LaRoque paused to gather himself then tearfully related the story of a patient who came to the hospital needing equipment ruled a low priority. Physicians attempted to donate the money needed to get the equipment only to be told any money they donated must be diverted to the Aberdeen IHS office.
"Are you really here to help us?" LaRoque asked congressional representatives. "What (do) Sens. Daschle and Johnson and Rep. Thune feel about Indian Health Service? Are we going to get increases in funding? ... we are barely getting half, one half, of what we need."
He noted allocation to American Indian health is approximately 30 to 40 percent less than costs to care for non-Indian people in the private sector.

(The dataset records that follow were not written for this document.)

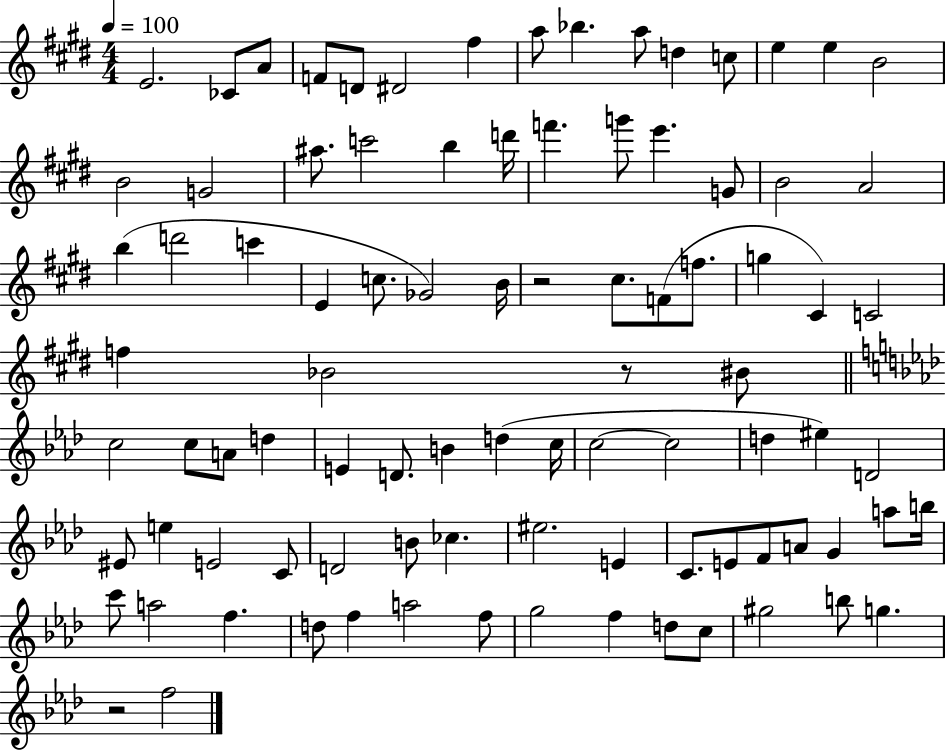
E4/h. CES4/e A4/e F4/e D4/e D#4/h F#5/q A5/e Bb5/q. A5/e D5/q C5/e E5/q E5/q B4/h B4/h G4/h A#5/e. C6/h B5/q D6/s F6/q. G6/e E6/q. G4/e B4/h A4/h B5/q D6/h C6/q E4/q C5/e. Gb4/h B4/s R/h C#5/e. F4/e F5/e. G5/q C#4/q C4/h F5/q Bb4/h R/e BIS4/e C5/h C5/e A4/e D5/q E4/q D4/e. B4/q D5/q C5/s C5/h C5/h D5/q EIS5/q D4/h EIS4/e E5/q E4/h C4/e D4/h B4/e CES5/q. EIS5/h. E4/q C4/e. E4/e F4/e A4/e G4/q A5/e B5/s C6/e A5/h F5/q. D5/e F5/q A5/h F5/e G5/h F5/q D5/e C5/e G#5/h B5/e G5/q. R/h F5/h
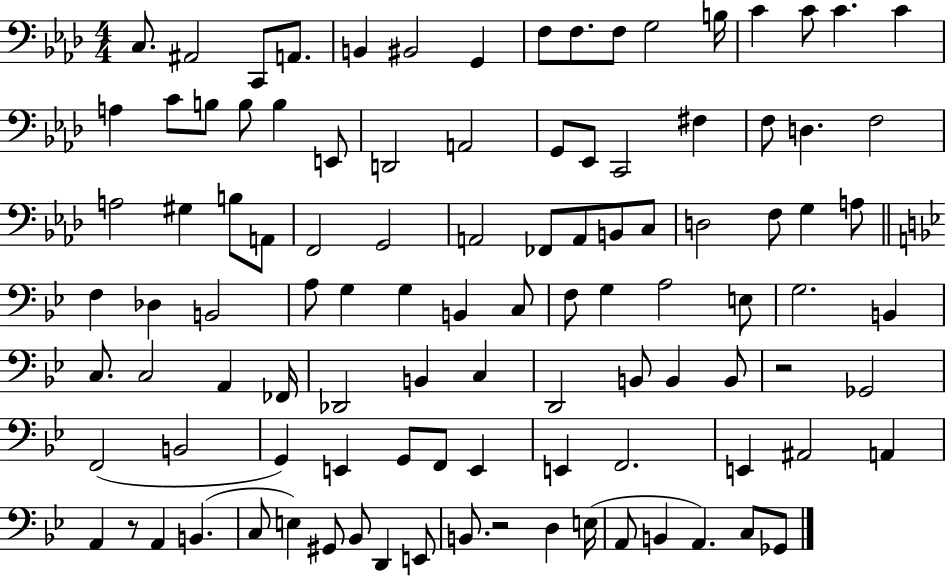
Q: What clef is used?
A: bass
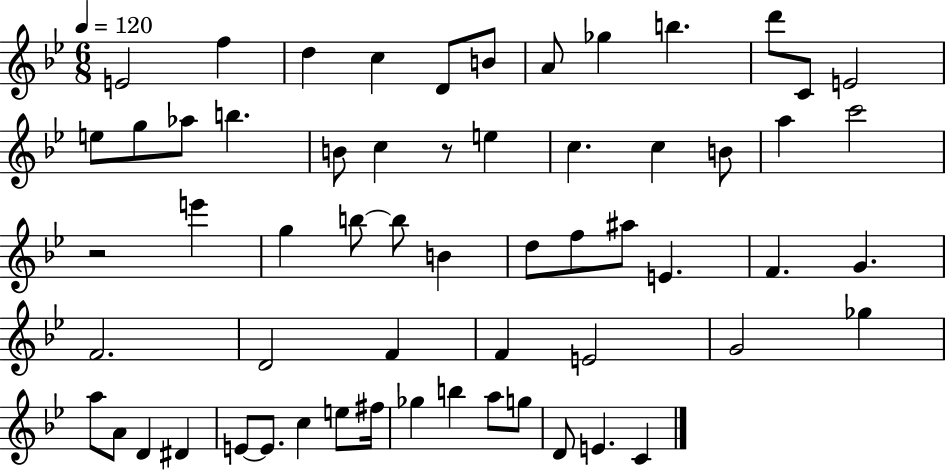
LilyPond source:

{
  \clef treble
  \numericTimeSignature
  \time 6/8
  \key bes \major
  \tempo 4 = 120
  e'2 f''4 | d''4 c''4 d'8 b'8 | a'8 ges''4 b''4. | d'''8 c'8 e'2 | \break e''8 g''8 aes''8 b''4. | b'8 c''4 r8 e''4 | c''4. c''4 b'8 | a''4 c'''2 | \break r2 e'''4 | g''4 b''8~~ b''8 b'4 | d''8 f''8 ais''8 e'4. | f'4. g'4. | \break f'2. | d'2 f'4 | f'4 e'2 | g'2 ges''4 | \break a''8 a'8 d'4 dis'4 | e'8~~ e'8. c''4 e''8 fis''16 | ges''4 b''4 a''8 g''8 | d'8 e'4. c'4 | \break \bar "|."
}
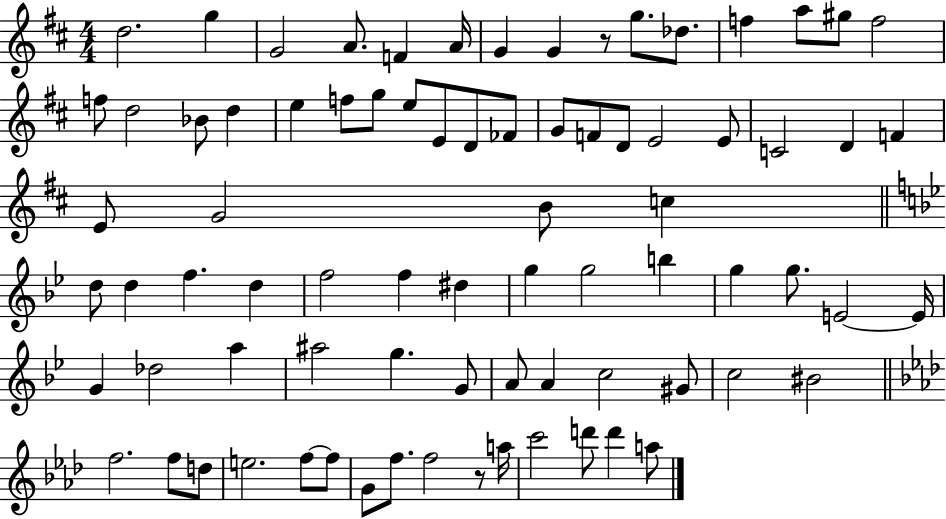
D5/h. G5/q G4/h A4/e. F4/q A4/s G4/q G4/q R/e G5/e. Db5/e. F5/q A5/e G#5/e F5/h F5/e D5/h Bb4/e D5/q E5/q F5/e G5/e E5/e E4/e D4/e FES4/e G4/e F4/e D4/e E4/h E4/e C4/h D4/q F4/q E4/e G4/h B4/e C5/q D5/e D5/q F5/q. D5/q F5/h F5/q D#5/q G5/q G5/h B5/q G5/q G5/e. E4/h E4/s G4/q Db5/h A5/q A#5/h G5/q. G4/e A4/e A4/q C5/h G#4/e C5/h BIS4/h F5/h. F5/e D5/e E5/h. F5/e F5/e G4/e F5/e. F5/h R/e A5/s C6/h D6/e D6/q A5/e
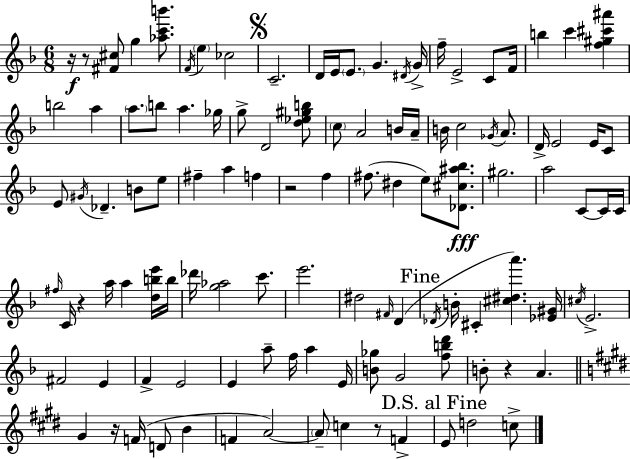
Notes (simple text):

R/s R/e [F#4,C#5]/e G5/q [Ab5,C6,B6]/e. F4/s E5/q CES5/h C4/h. D4/s E4/s E4/e. G4/q. D#4/s G4/s F5/s E4/h C4/e F4/s B5/q C6/q [F5,G#5,C#6,A#6]/q B5/h A5/q A5/e. B5/e A5/q. Gb5/s G5/e D4/h [D5,Eb5,G#5,B5]/e C5/e A4/h B4/s A4/s B4/s C5/h Gb4/s A4/e. D4/s E4/h E4/s C4/e E4/e G#4/s Db4/q. B4/e E5/e F#5/q A5/q F5/q R/h F5/q F#5/e. D#5/q E5/e [Db4,C#5,A#5,Bb5]/e. G#5/h. A5/h C4/e C4/s C4/s F#5/s C4/s R/q A5/s A5/q [D5,B5,E6]/s B5/s Db6/s [G5,Ab5]/h C6/e. E6/h. D#5/h F#4/s D4/q Db4/s B4/s C#4/q [C#5,D#5,A6]/q. [Eb4,G#4]/s C#5/s E4/h. F#4/h E4/q F4/q E4/h E4/q A5/e F5/s A5/q E4/s [B4,Gb5]/e G4/h [F5,B5,D6]/e B4/e R/q A4/q. G#4/q R/s F4/s D4/e B4/q F4/q A4/h A4/e C5/q R/e F4/q E4/e D5/h C5/e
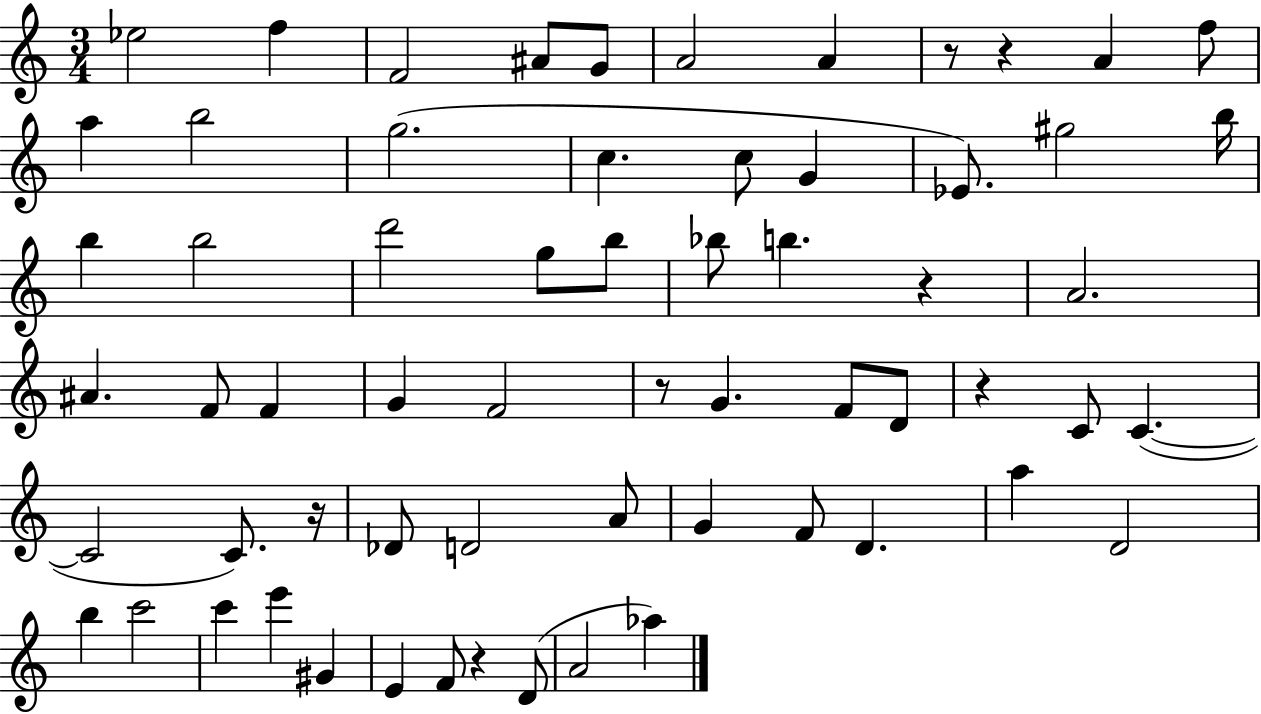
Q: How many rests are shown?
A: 7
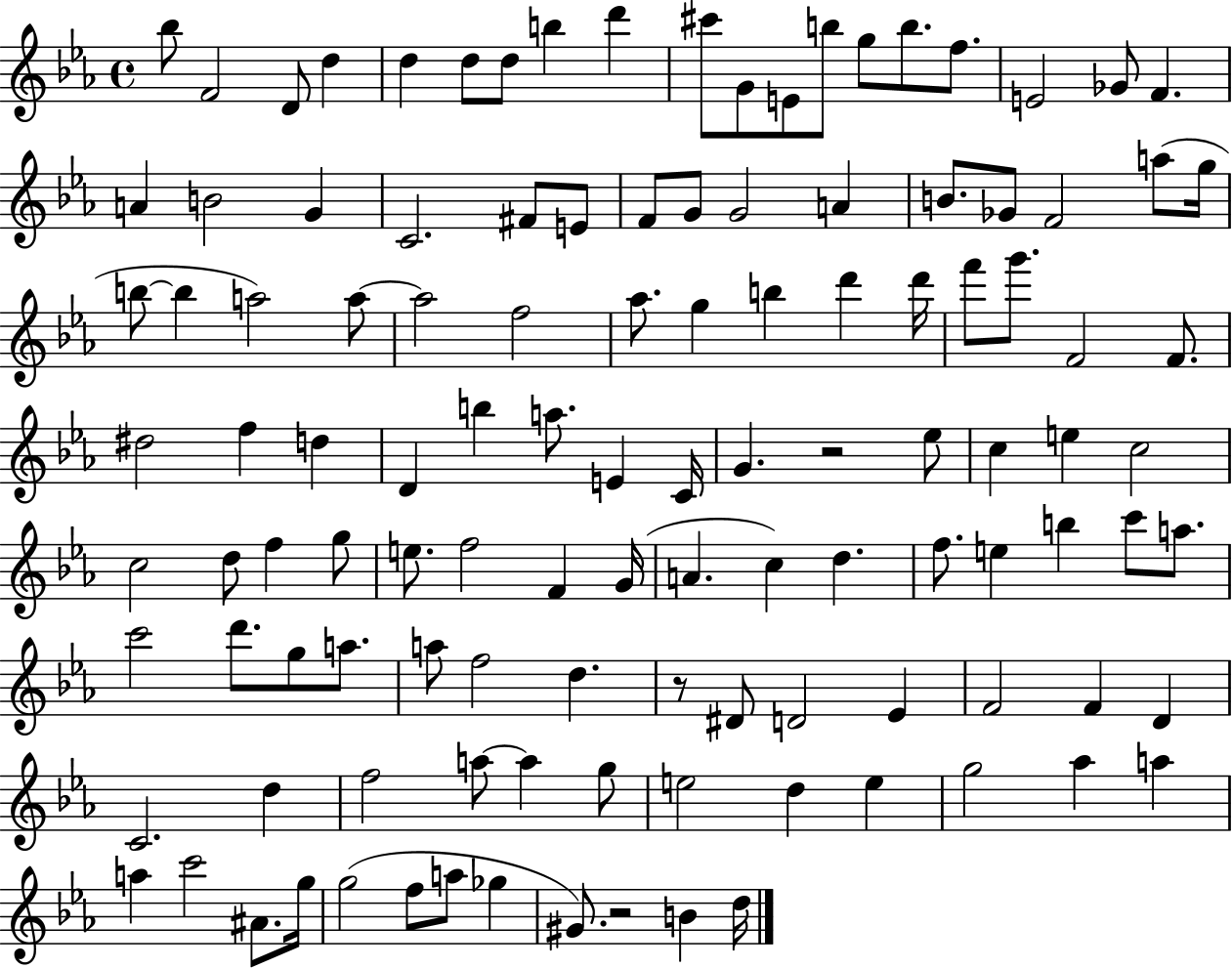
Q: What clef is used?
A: treble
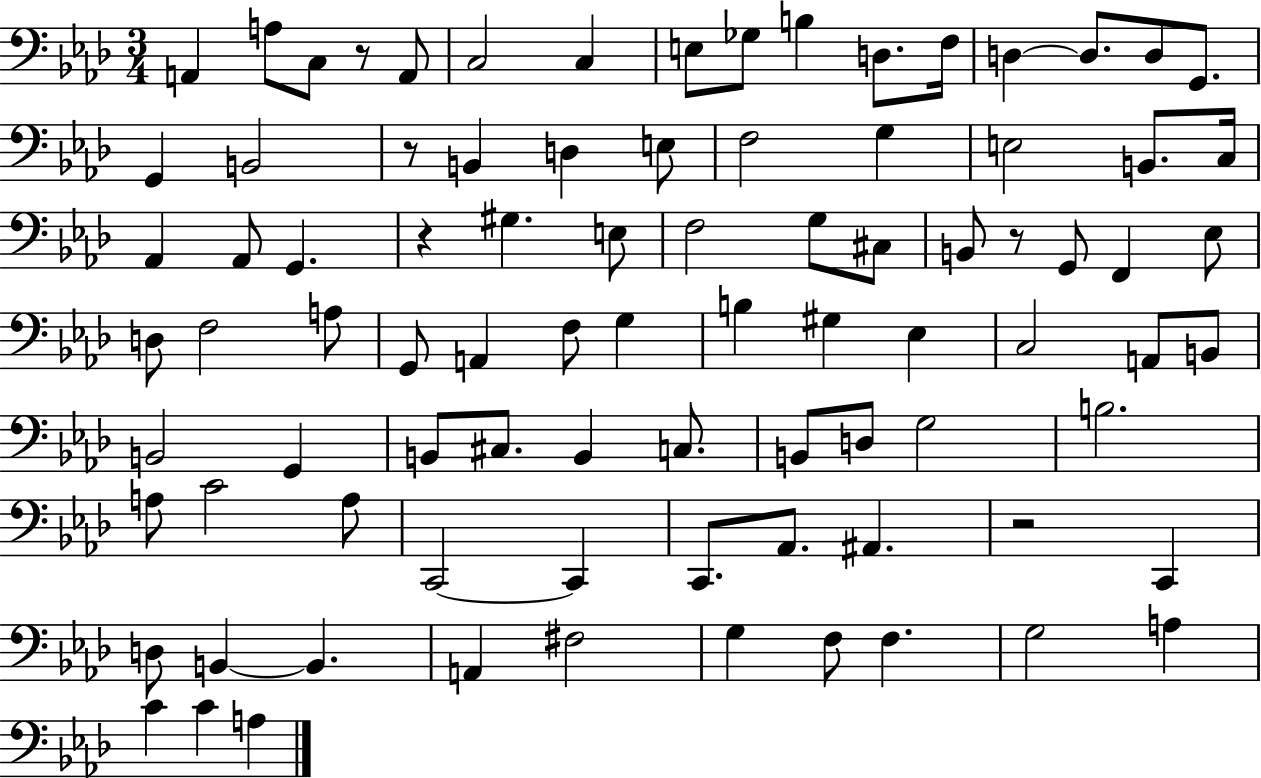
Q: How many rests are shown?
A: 5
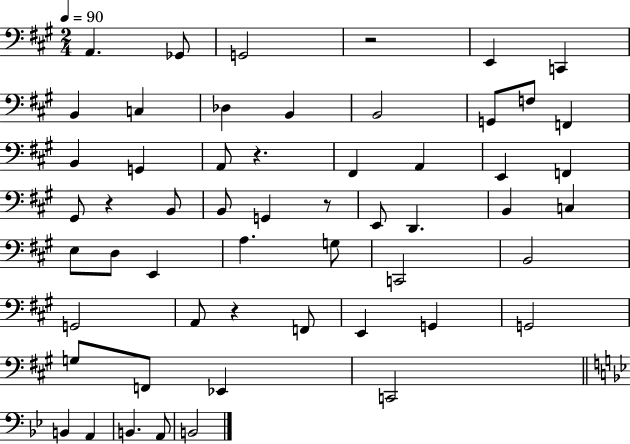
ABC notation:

X:1
T:Untitled
M:2/4
L:1/4
K:A
A,, _G,,/2 G,,2 z2 E,, C,, B,, C, _D, B,, B,,2 G,,/2 F,/2 F,, B,, G,, A,,/2 z ^F,, A,, E,, F,, ^G,,/2 z B,,/2 B,,/2 G,, z/2 E,,/2 D,, B,, C, E,/2 D,/2 E,, A, G,/2 C,,2 B,,2 G,,2 A,,/2 z F,,/2 E,, G,, G,,2 G,/2 F,,/2 _E,, C,,2 B,, A,, B,, A,,/2 B,,2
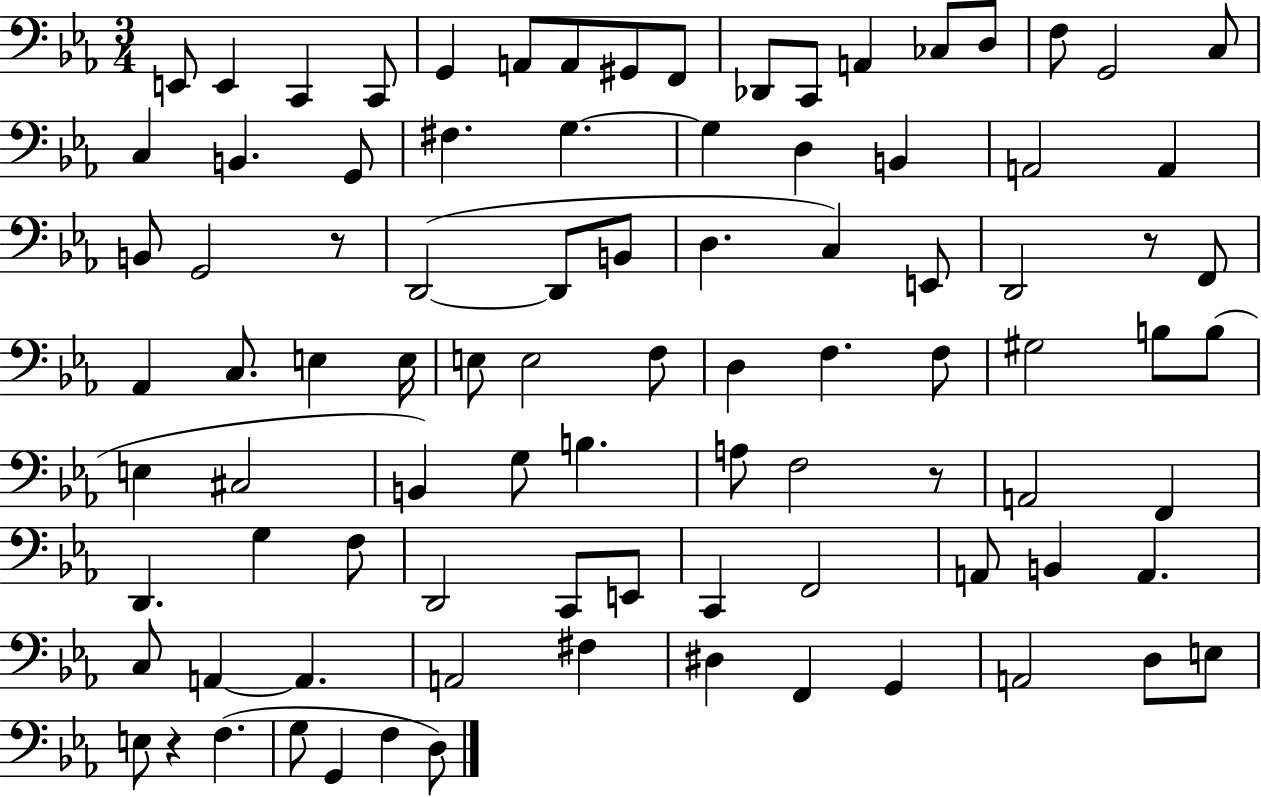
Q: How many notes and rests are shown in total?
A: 91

Members of the task force said they heard much of this information in previous meetings but the concerns had never been aired in public. Laurette Pourier pledged to make herself readily available as a contact, volunteering to take calls at home (605) 399-1802 and 388-3388. She said these stories need to be taken to the IHS chain of command above Leach because "that's where the decisions are made."
Valandra chided Leach for scheduling monthly meetings during daytime hours when most people have to work.
On the matter of an alleged extension of the accreditation review period, Leach acknowledged a request was made because "we're in the middle of construction ... we were told 'no' so they will be here in August."
Cecilia Montgomery, 90, devoted many years to American Indian health. Barely able to stand with the aid of a walker, she reminded the group, "The name of the game is Indian health, let's not forget that. When I first came to Rapid City in the middle '40s, we didn't have any health care. Many of our Indian people that got sick were never accepted in a hospital unless they had that almighty dollar to pay down for their treatment. You had to have money ... and many of our people had to go back to their own reservation for health care and some of them died.
"My own daughter, we had to take her back to Pine Ridge and she had a ruptured appendix on the way. That's what happened in those days. So my dear people, remember this is Indian health. Time tells the tale."